POLING: Recalling ‘Woodward & Bernstein’ news tips

Published 5:00 am Wednesday, June 29, 2022

“You follow this and you’ll be the next Woodward and Bernstein.”

From the late 1980s until about the mid 1990s of my newspaper career, it seemed someone with a news tip said something similar to this statement at least once a month. 

A person would call the office, “I gotta story that’s as big as Watergate. You’ll be like, um, Woodwood and Bernstein, them All the President’s guys.” 

Or someone carrying a thick pile of dog-eared, Xeroxed documents or papers would drop by the office – “like Woodward and Bernstein.” 

Or someone encountered at an event, usually whispering, “this thing is going to blow up and you’ll be the one doing the dynamiting like Woodward and Bernstein.”

I wasn’t the only reporter receiving such calls and hearing the references to The Washington Post reporters Bob Woodward and Carl Bernstein who rose to fame uncovering the Watergate scandal that toppled the presidency of Richard Nixon and whose journalistic exploits were covered in the book “All the President’s Men,” then a movie of the same name starring Robert Redford and Dustin Hoffman as the reporters respectively.

The biggest way to get any reporter to roll his or her eyes back then was for a caller, usually wishing to remain anonymous, to say, “this is as big as Watergate. … You’ll be like Woodward and Bernstein.”

We would usually think, yeah, your sewage issue is going to be as big as bringing down an American president. Though we didn’t say that, of course. Well, not most of us anyway.

The recent 50th anniversary of the Watergate break in – June 17, 1972 – when five men were arrested breaking into the national Democratic headquarters at the Watergate Hotel in Washington, D.C., on the orders of someone in the Nixon administration reminded me of those past Woodward and Bernstein news tips. 

And those types of calls weren’t just made to The Valdosta Daily Times but small town newspapers across America. Ask almost any newspaper reporters/editors who worked from the mid-1970s to roughly the mid-1990s and they will likely confirm receiving such a news tip, not once but several times.

Usually, the tip revolved around sewage, or perceived public malfeasance, or someone wrongly charged by police, or even a dog tearing up a neighbor’s yard. The calls were often from someone who refused to give their name, or wished to remain anonymous, or wouldn’t go on the record, or who had no proof or evidence, or the evidence was haphazardly collected in a manila folder.

And while the Woodward and Bernstein reference was the quickest way to bring out the skeptic in a reporter, we did our due diligence. We were young. We were hungry. We listened to the full account. We waded through the documents. We made phone calls. We followed up. 

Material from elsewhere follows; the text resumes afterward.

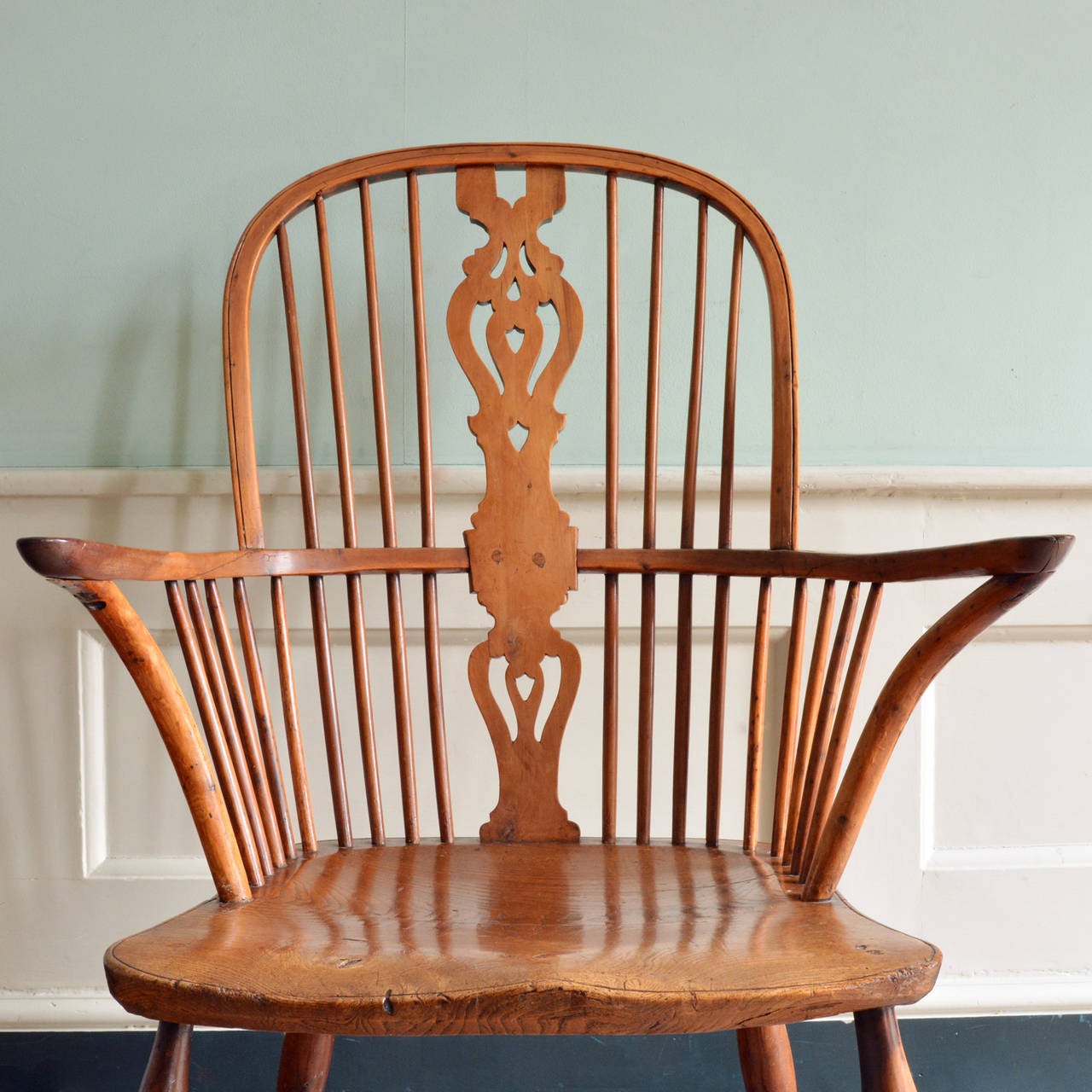 Mid-19th Century Yew and Elm WIndsor Chair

Most cases led to a dead end. If there was a “there” there, we couldn’t find it no matter our efforts. But in some cases, the tip led to some fine reporting. It may not have led to the fall of an American president but it revealed wrongdoing by doctors, lawyers, police, etc.

And these stories were reported through the dogged determination of journalists following the same practices that a viewer would see in “All the President’s Men” – repeated phone calls, call backs, knocking on doors, finding and researching documents, being hung up on, or people refusing to see the reporter, or making the reporter wait, etc. 

All this while working on the daily coverage of local crime, city and county meetings, feature stories and other regular newspaper stories. Most newspaper reporters are still covering a regular beat while looking into the “Woodward and Bernstein”-type stories.

And if we couldn’t find any evidence or credible statements to lead a story to print, we often heard the same thing next from the Woodward and Bernstein tipsters.

“Well, if you won’t tell my story, I guess ’60 Minutes’ will.”

Good luck with that. Though we didn’t say that, of course. Well, not most of us anyway.

Dean Poling is an editor with The Valdosta Daily Times and editor of The Tifton Gazette.